# In dash radio trim



## TProfit (Dec 18, 2003)

I have a Sony Xplod head unit, and I had someone break the trim around the radio so now there is an ugly gap between the ac box and the radio and you can see inside the dash. I ordered a new collar from Sony for the radio head but when i tried to install it the console trim that fits on our car (99 sentra) keeps getting in the way and i can't put the trim back on. Is there a certain part I should use or what. Any info would be great.


----------



## samo (Apr 30, 2002)

You shouldn't use the Sony trim ring. Sentras use a mounting system called ISO-mounting, which uses the factory brackets, and thus, no DIN cage and no trim ring. Sounds like you need to a new bezel from Nissan.


----------



## TProfit (Dec 18, 2003)

Wow.

Thanks allot, I was killin gmyself trying to find the right ring. WHere can I get a new mounting bracket and how much will it cost? Thanks allot.


----------



## samo (Apr 30, 2002)

Nissan will have the mounting brackets, the pocket that goes under the radio, and the bezel. Not sure on the price of each, as I've never really had to order any B14 parts.


----------



## TProfit (Dec 18, 2003)

Thanks for the info. Back to the stealership I guess.


----------



## samo (Apr 30, 2002)

Depending on what you need, the boneyard might have what you're looking for. A lot of those cars have been scavenged, but any B14 will have exactly the parts you're looking for, with the exeption of the pocket, if you need one. Only a '95-'97 would have those.


----------



## Punkrocka436 (Jul 8, 2003)

samo- is the pocket your referring to the "cubby hole" DIN slot under the radio...if so you can take those out of a 98 sentra as well


----------



## samo (Apr 30, 2002)

Yeah, that's what I mean. I wasn't aware the '98s also had the single-DIN stereo. Must have been a '99-only thing.

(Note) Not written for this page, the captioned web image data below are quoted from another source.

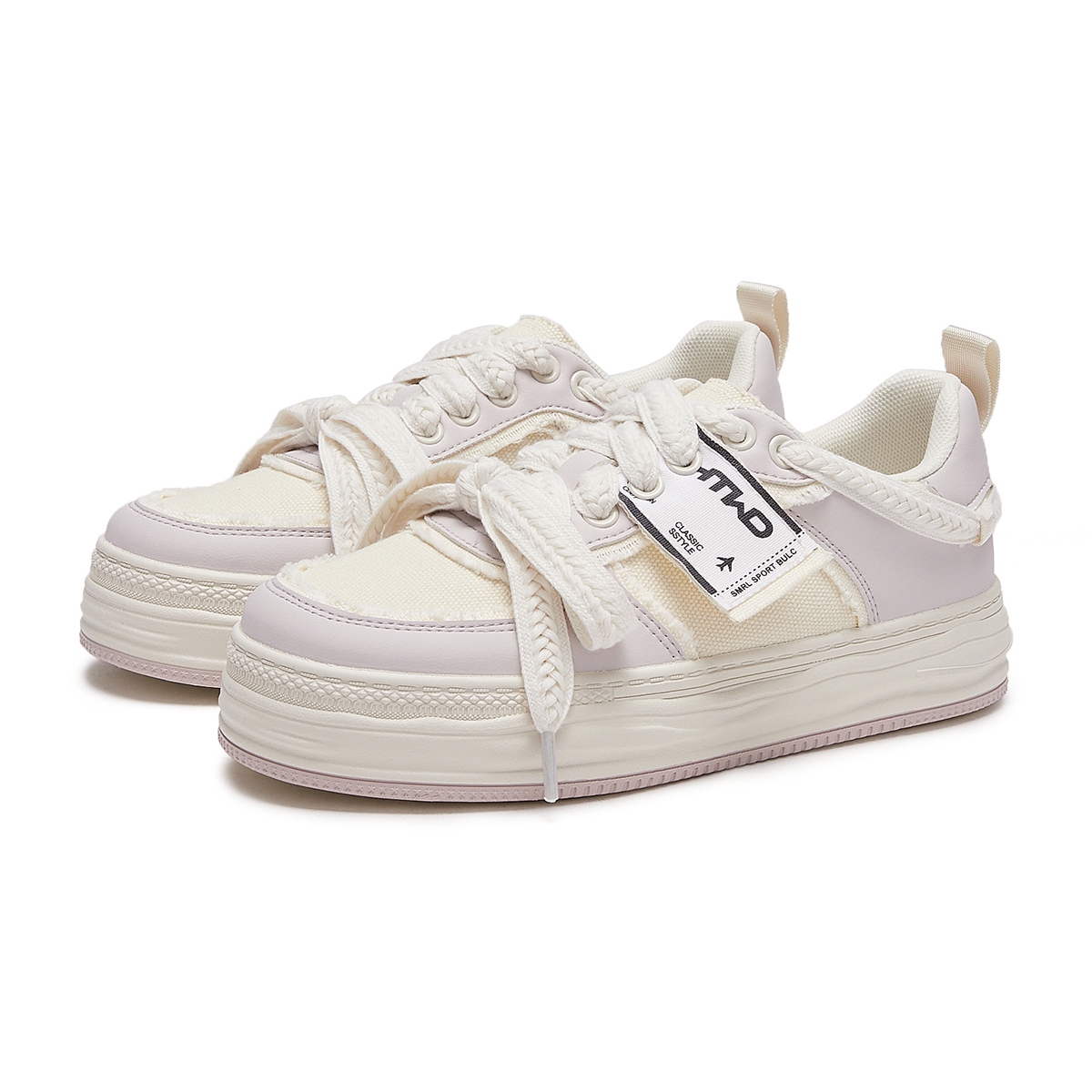 Lookbook (W) Hotwind Low-Top Lace-Up ''Fabric Round Toe'' Kasut Lelaki Rendah. H14W3D11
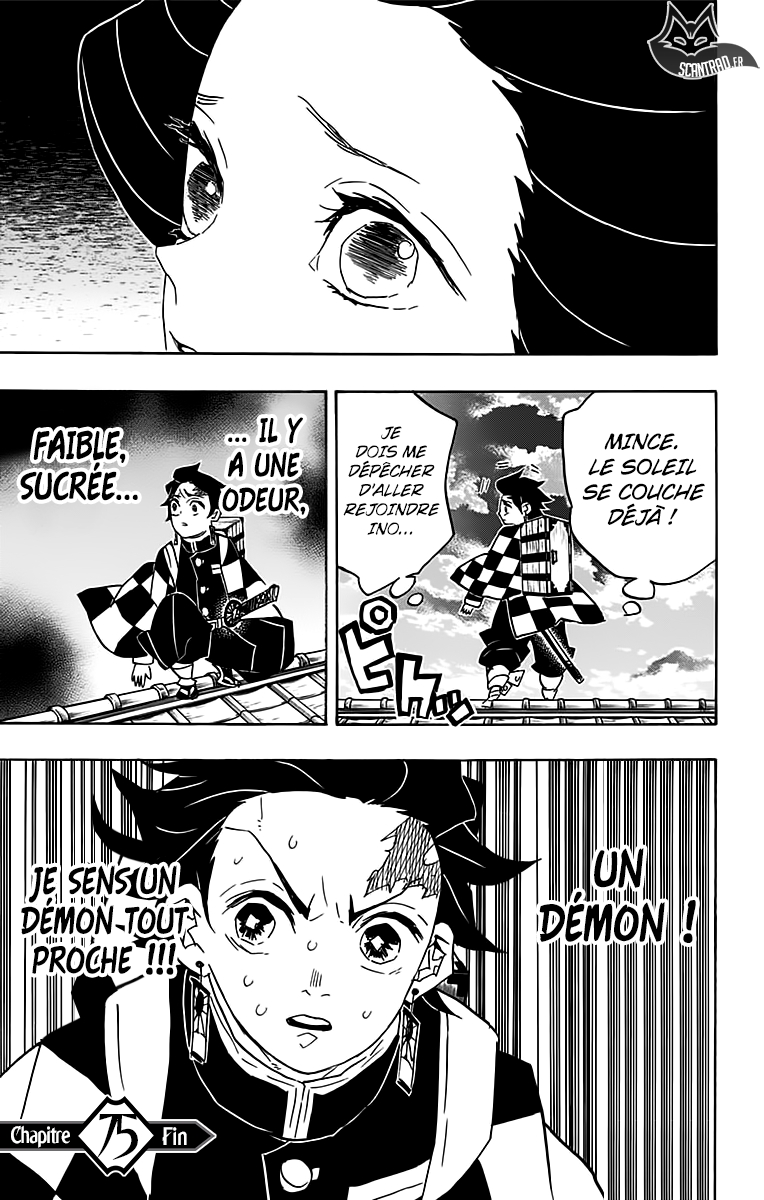 Read Demon Slayer Kimetsu no Yaiba FR Manga Online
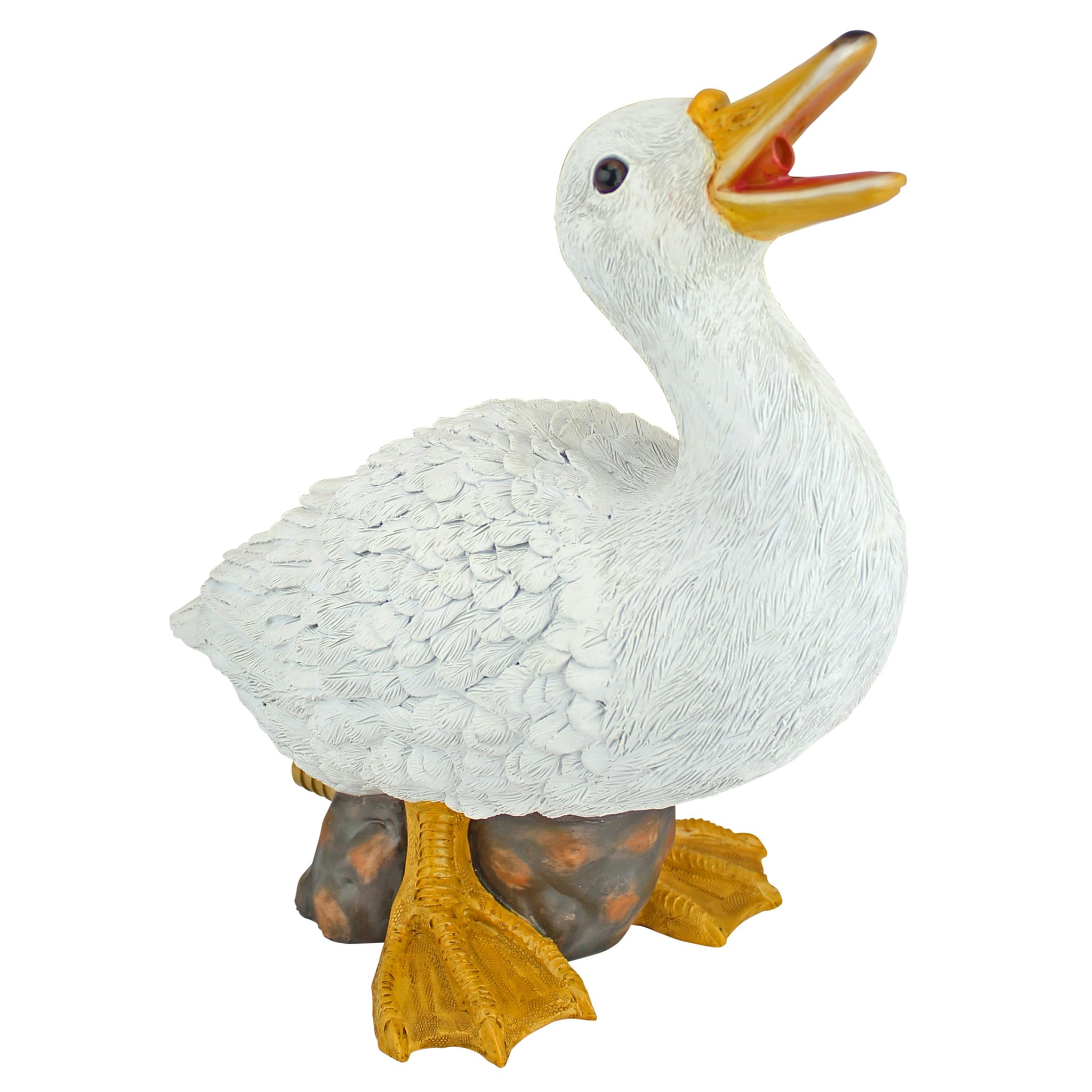 Toscano - Darnell the Duck Spitter Piped Statue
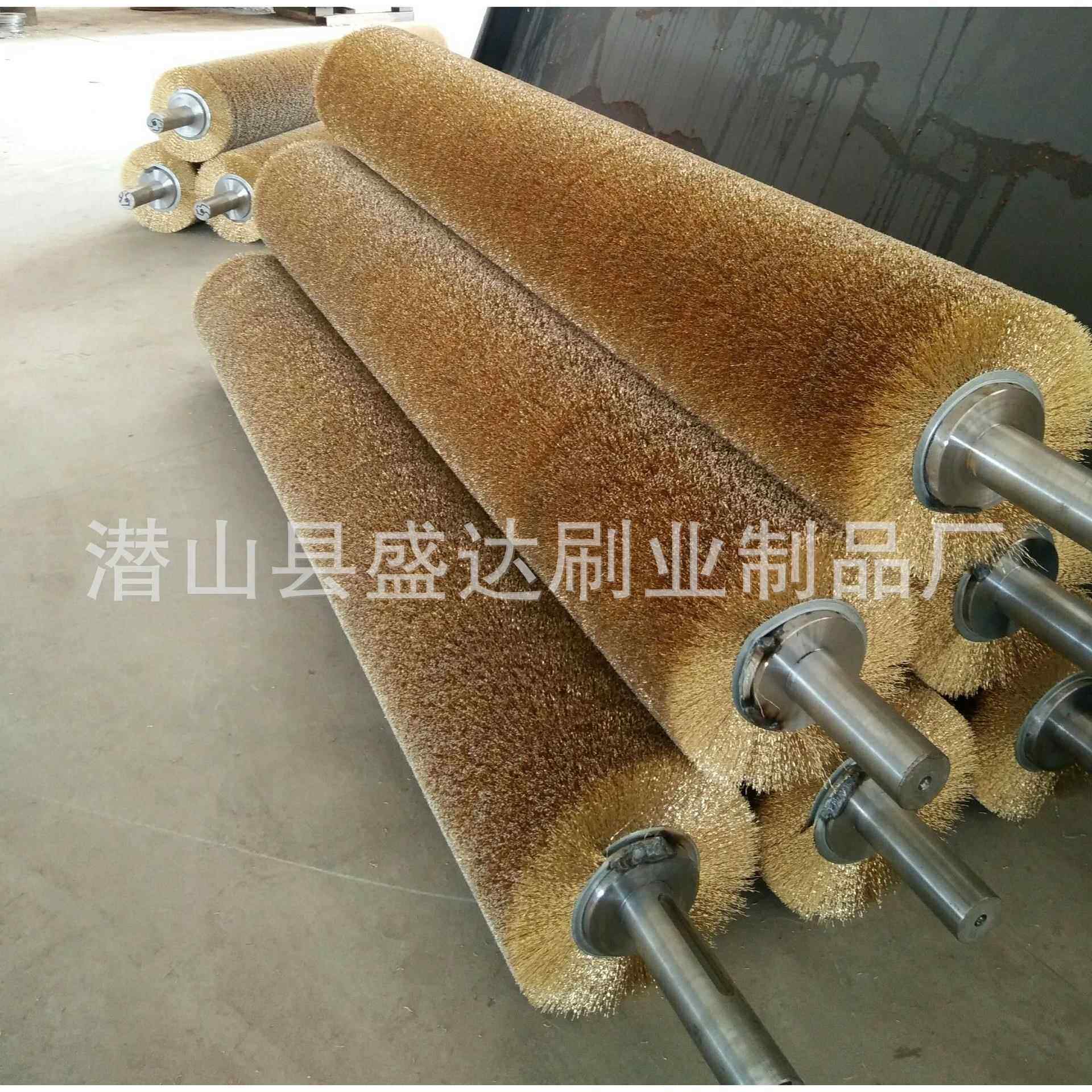 供应抛除8663线锈镀锌酸光不锈钢毛刷滚.钢板业毛洗刷辊子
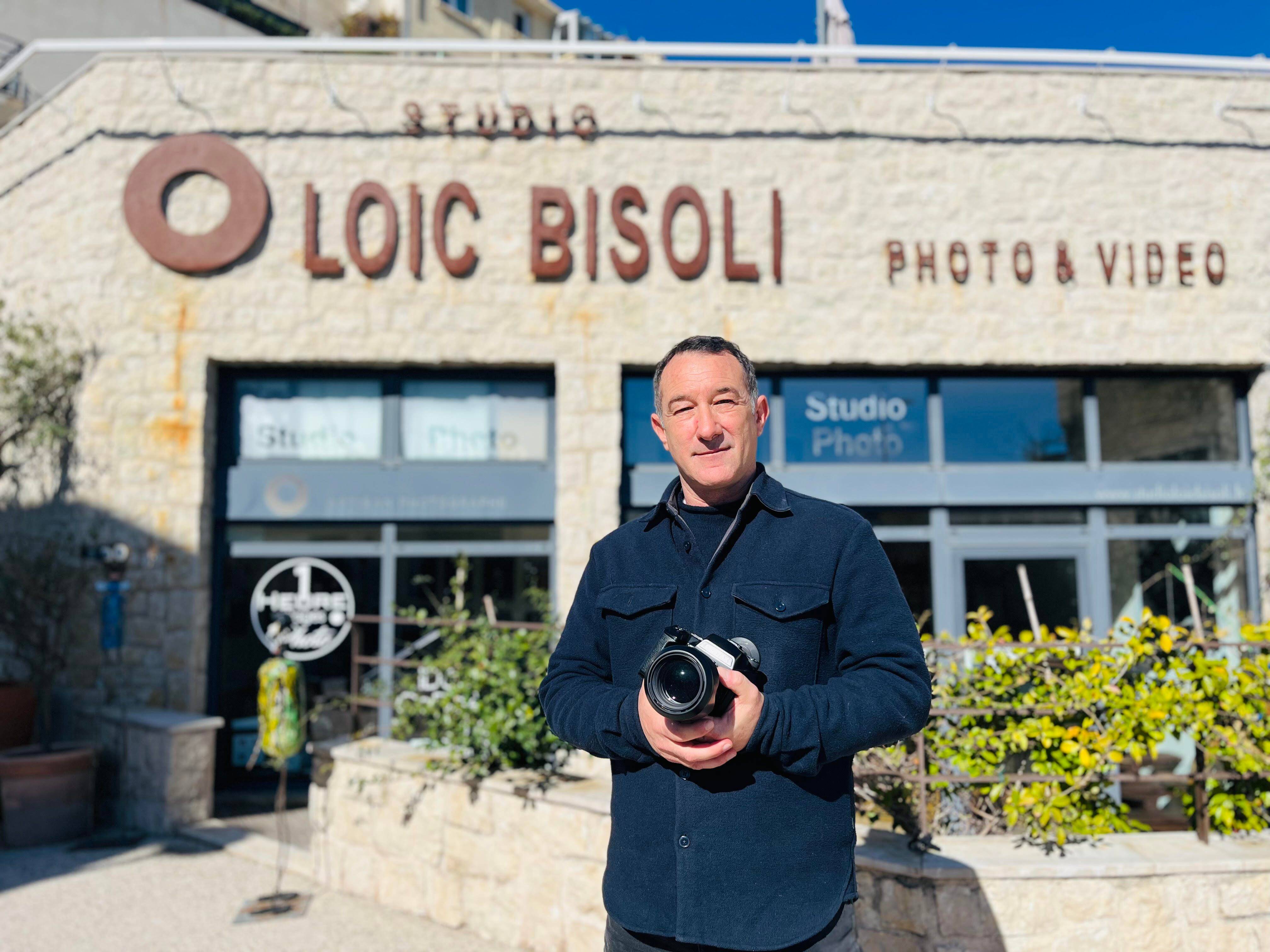 Découvrez le travail de ce photographe qui a obtenu le titre de maître artisan des métiers d'art à Antibes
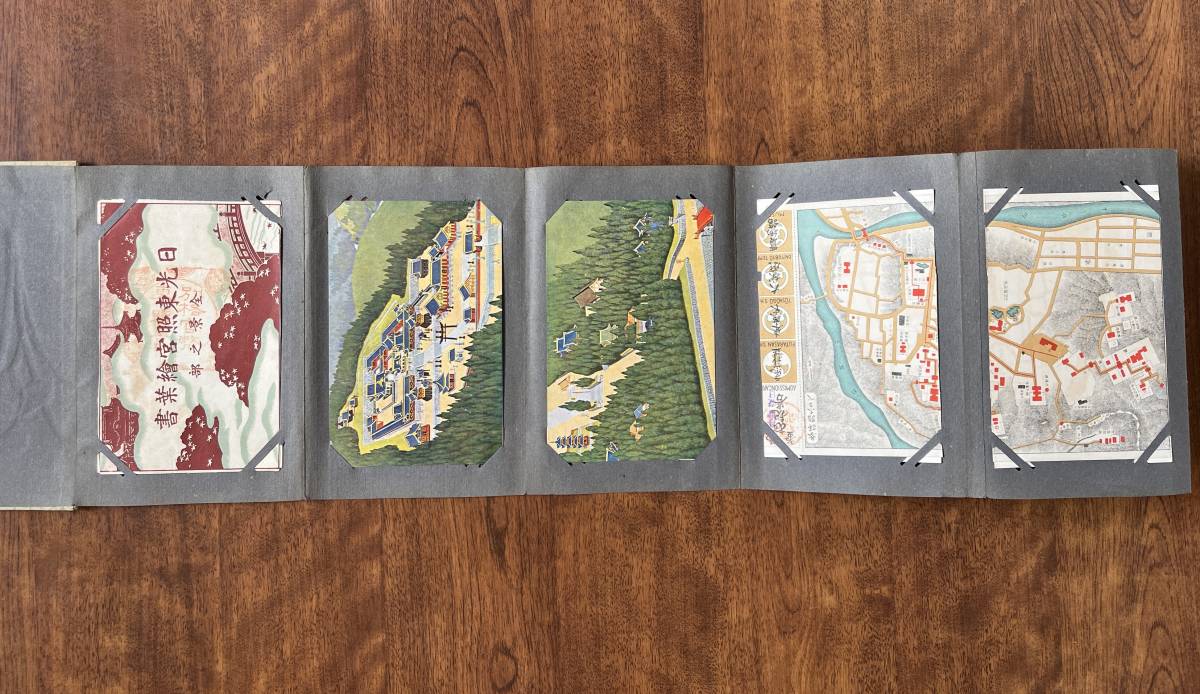 インポート・海外人気ブランド 絵葉書405)日光・日光東照宮・中禅寺名勝 等絵はがき一括 87枚 絵葉書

The pocket is also available from many stereo stores. Just don't let them try to sell you a Toyota pocket - it won't work.


----------



## xt_out (Jun 23, 2003)

whoa. i thought all b-14s had em. what do the 99's have instead of the hole?


----------



## TProfit (Dec 18, 2003)

99 Sentras come with a stock double din cd player, well ateast mine did. I had the limited edition so I don't remember if it came with different stuff. I had to get the Nissan kit which came with the pocket when I installed my single Din Sony cd player.


----------